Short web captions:

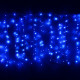 Гирлянда электрическая уличная занавес Дождь 1,5*2,5м 360LED цвет синий (светлый провод) 8режимов арт.196-501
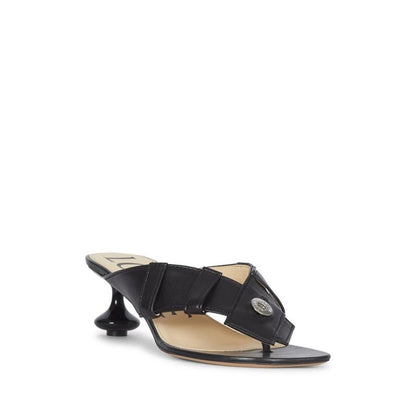 Loewe Black Lamb Leather Flat Sandals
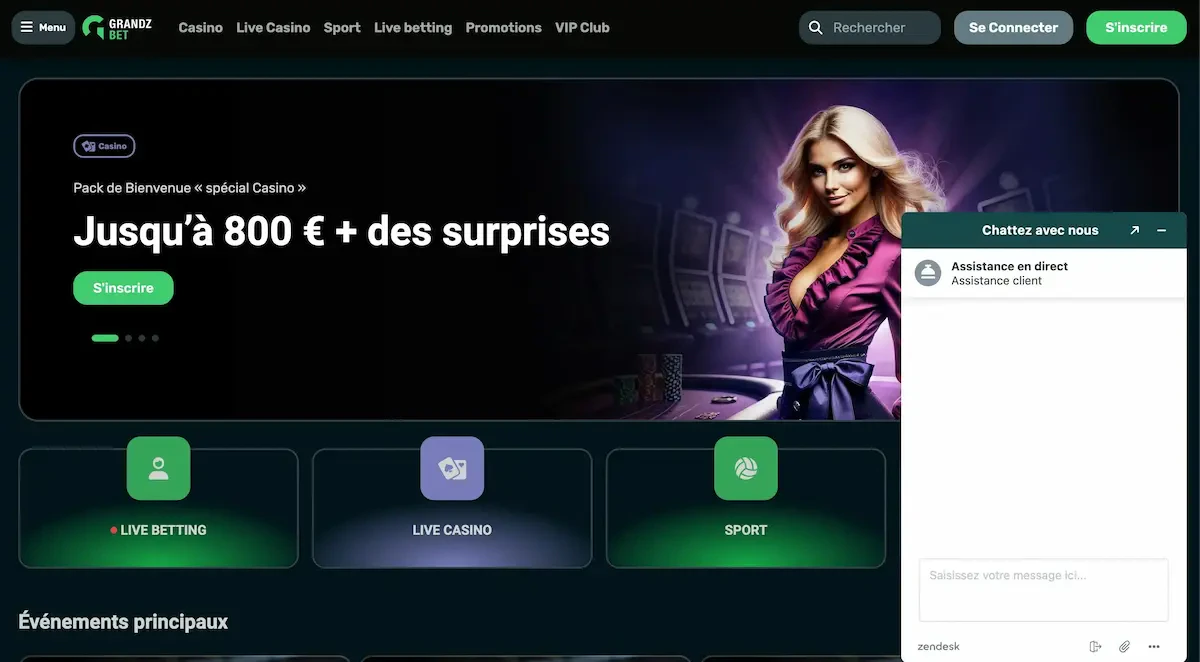 service client grandz bet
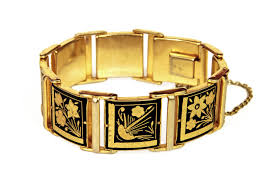 Black And Gold Jewelry From Spain Flowers And Birds Bracelet Gold And Black Bracelet Toledo Gold Bracelet Spanish Damascene Vintage 195 Retro Fashion Accessory Deco Jewelry Art Deco Jewelry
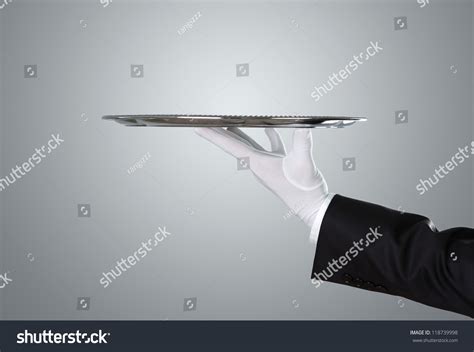 Waiter Holding Empty Silver Tray Over Stock Photo Shutterstock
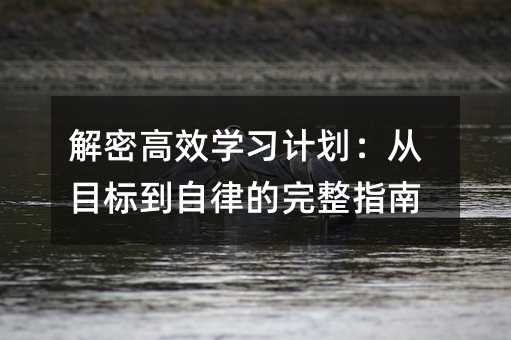 ���ܸ�Чѧϰ�ƻ�����Ŀ�굽���ɵ�����ָ��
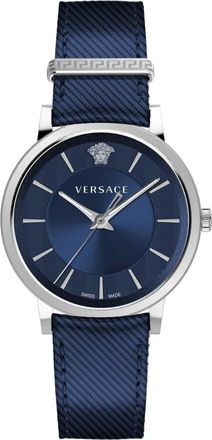 Versace Blauwe wijzerplaat cirkel horloge - Heren - Horloges - Grijs - ONE Size - Accessoires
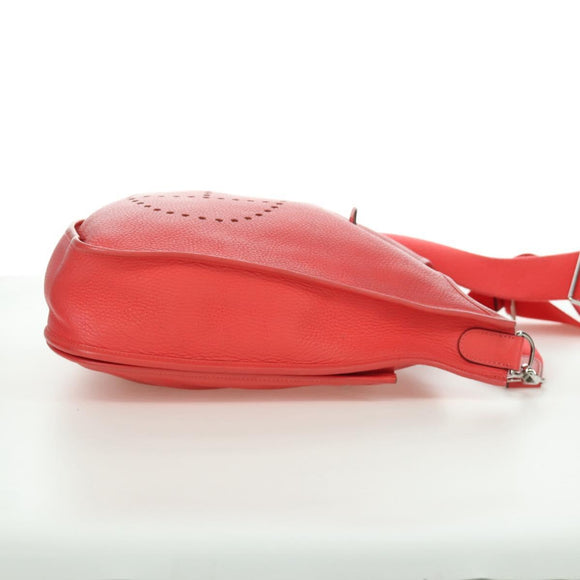 HERMES Evelyn GM Shoulder Bag Leather Pink Silver Auth bs33716V
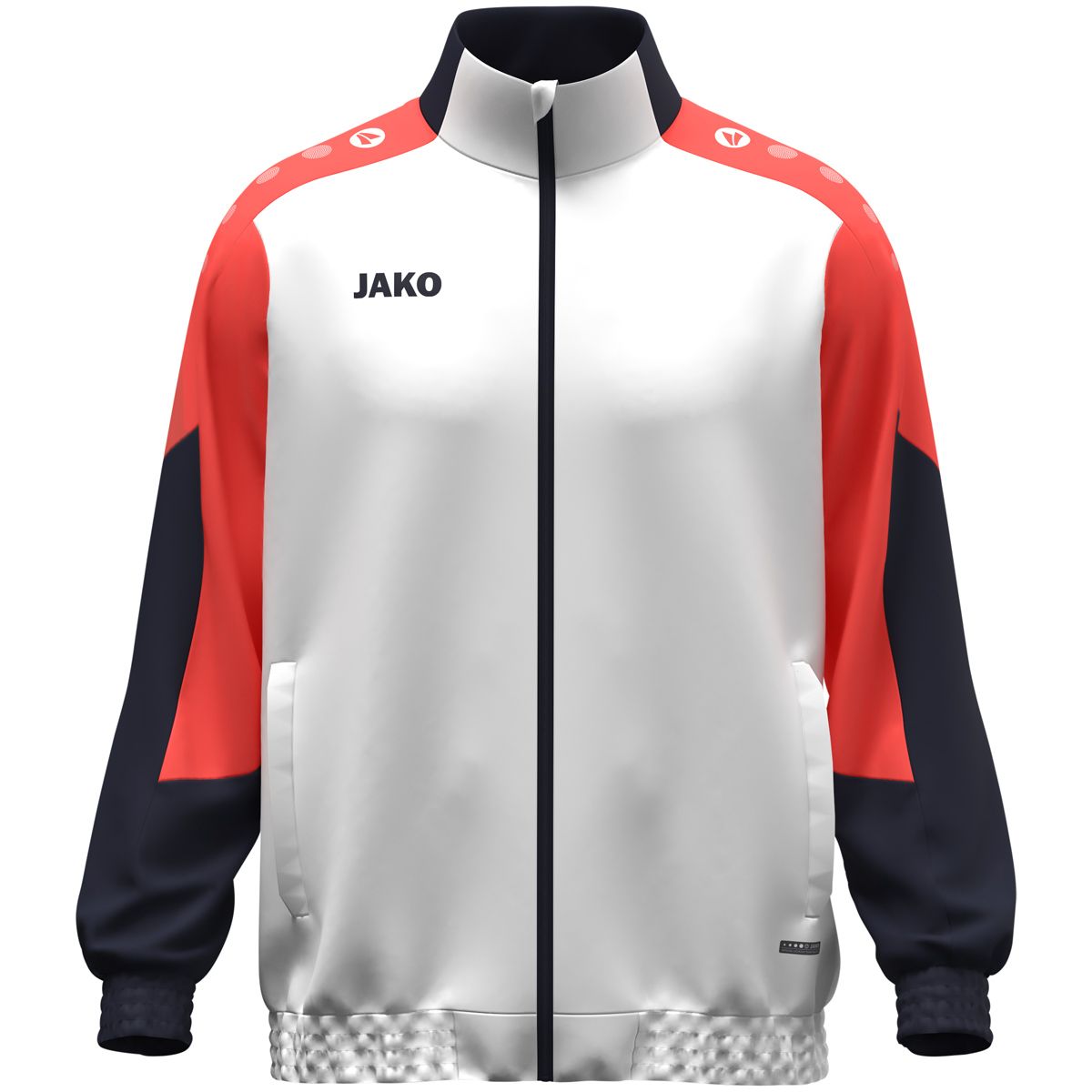JAKO Webjacke Dynamic, Farbe: weiß/coral/marine, Größe: S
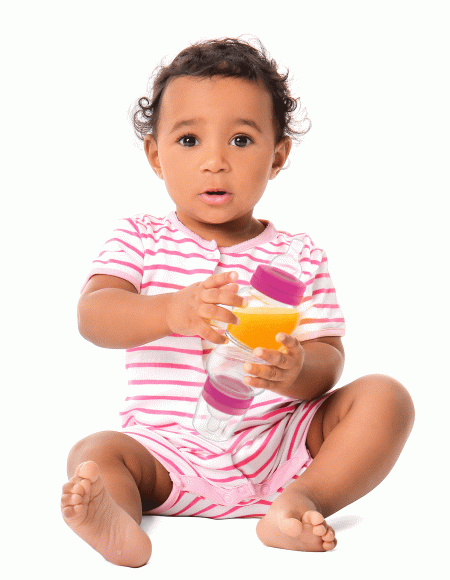 Baby holding DoubleUp Baby Bottle 3 in 1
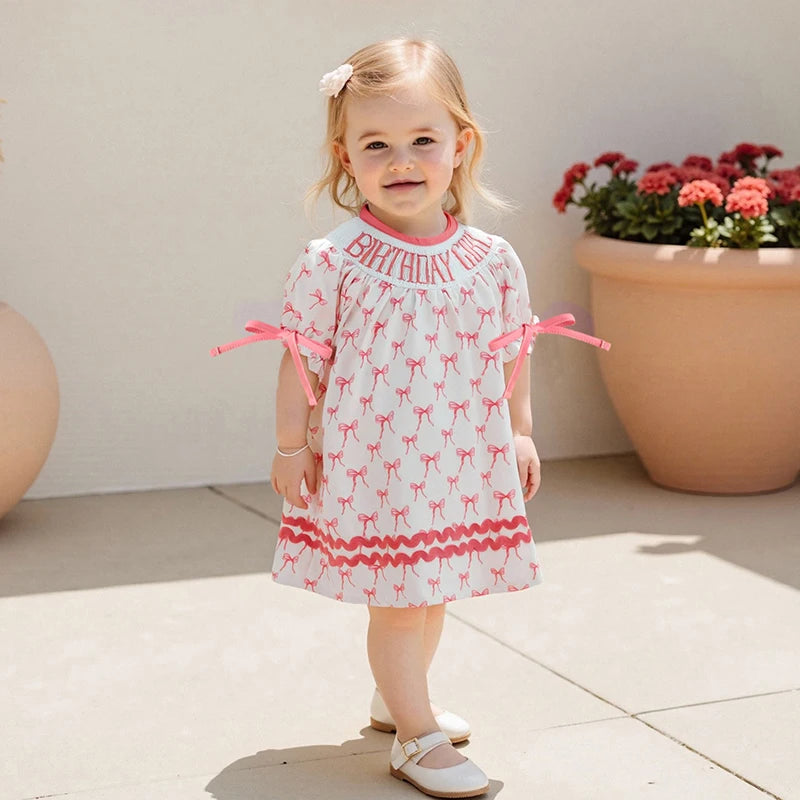 Toddler Girl Birthday Dress with Puff Sleeves and Embroidered Letters Smocked
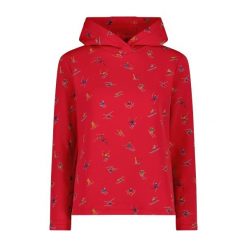 Damska bluza z kapturem CMP. Czerwone bluzy damskie CMP, bez wzorów, sportowe, bez ramiączek, z kapturem. Za 290.50 zł.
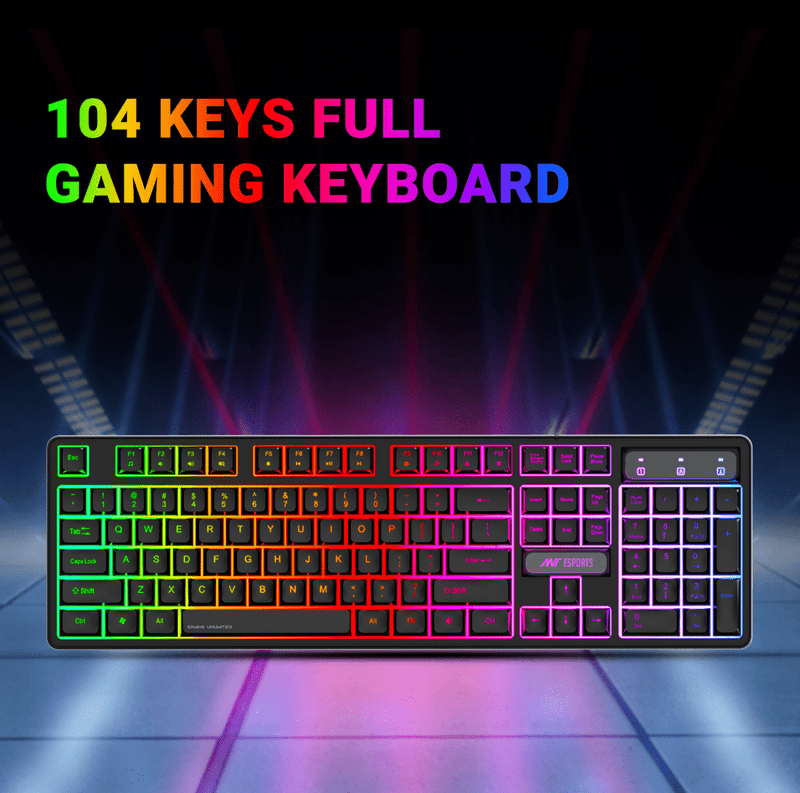 ANT ESPORTS KM1650 RGB MEMBRANE WIRED GAMING KEYBOARD & RGB MOUSE COMBO - BLACK - SWIFT PERIPHERALS1093966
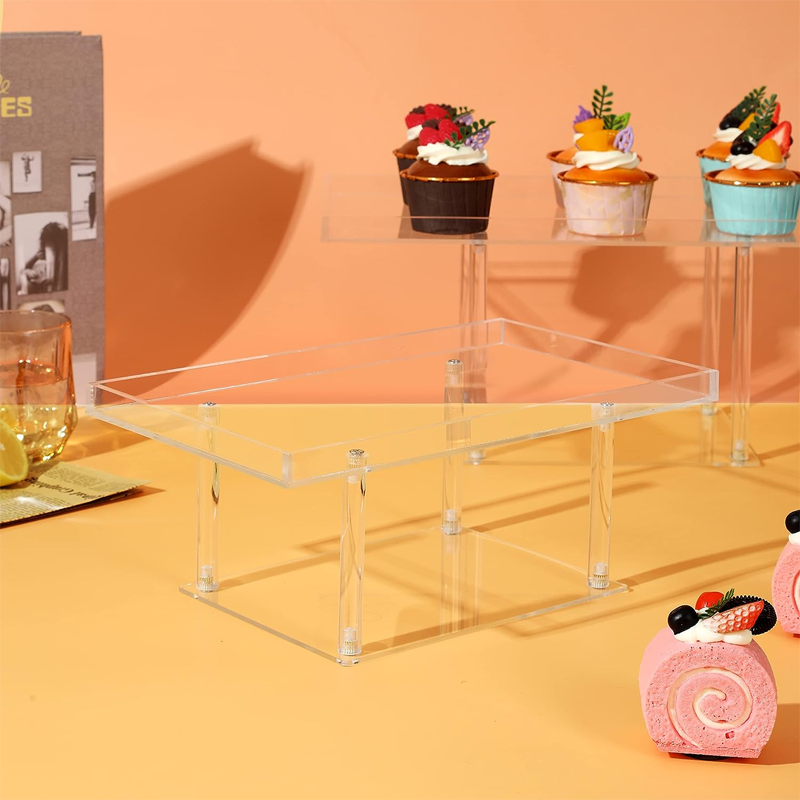 Customized Catering Stand For Food Display Transparent Acrylic Display Stand Riser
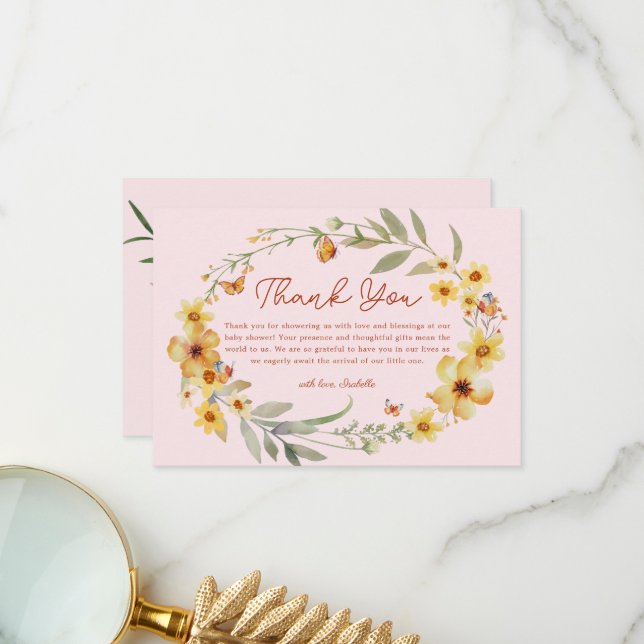 Tack för ditt kort! WandeBoho Wildblomme Baby Show Kort (Fram/Back In Situ)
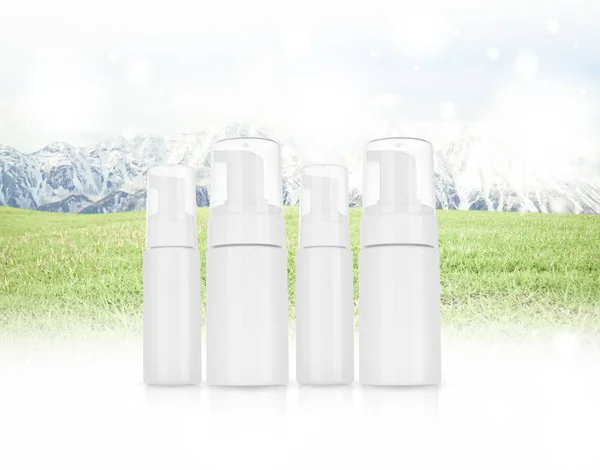 Cosmetic product  for cream, foam, shampoo. on  Panorama of Moun — Stock Photo, Image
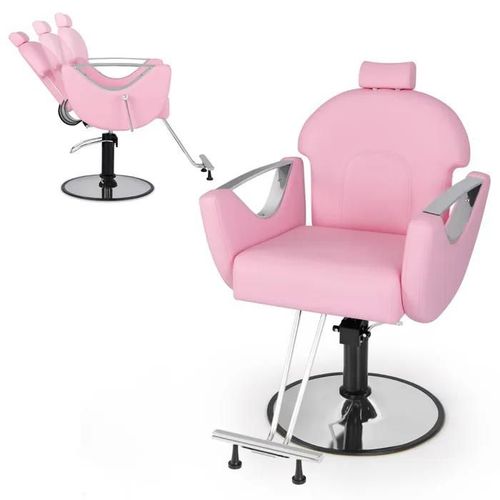 Costway Fauteuil Barbier Hydraulique Rotative Pour Salon De Coiffure - Hauteur Réglables 75-87 Cm - Appui-Tête - Charge 150kg Rose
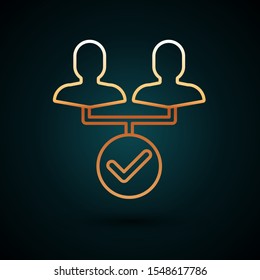 Gold line Project team base icon isolated on dark blue background. Business analysis and planning, consulting, team work, project management.  Vector Illustration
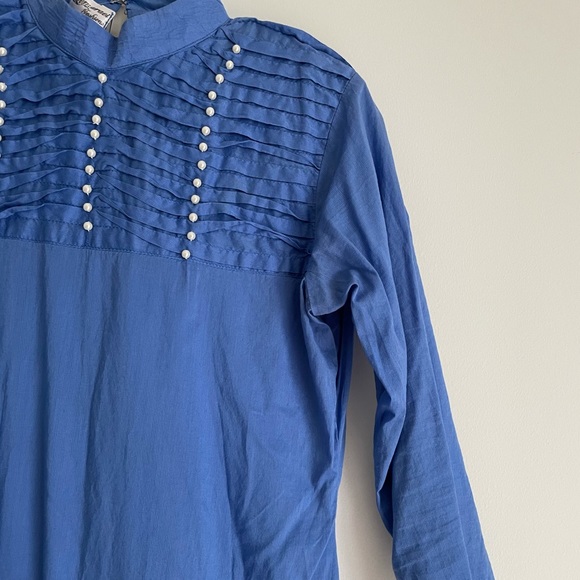 Long Blue Pearl Kurta - Cotton - Picture 2 of 2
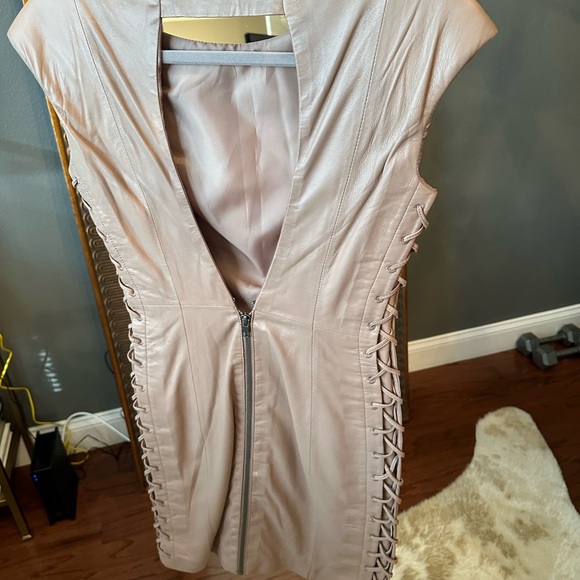 NWOT Mackage Faux Leather Lace Up Dress - Picture 2 of 11
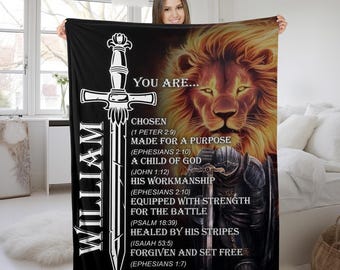 Christian Blanket, Bible Verse Blanket, Religious Gifts For Men, Personalized Blankets And Throws, Christmas Gift SK3432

▶ [Aim of the exercise] Only the lines from the one containing "Long Blue Pearl" through the last line of the entries above should be copied, exactly as they are and without the pictures.

▶ [Written solution]
 Long Blue Pearl Kurta - Cotton - Picture 2 of 2
 NWOT Mackage Faux Leather Lace Up Dress - Picture 2 of 11
 Christian Blanket, Bible Verse Blanket, Religious Gifts For Men, Personalized Blankets And Throws, Christmas Gift SK3432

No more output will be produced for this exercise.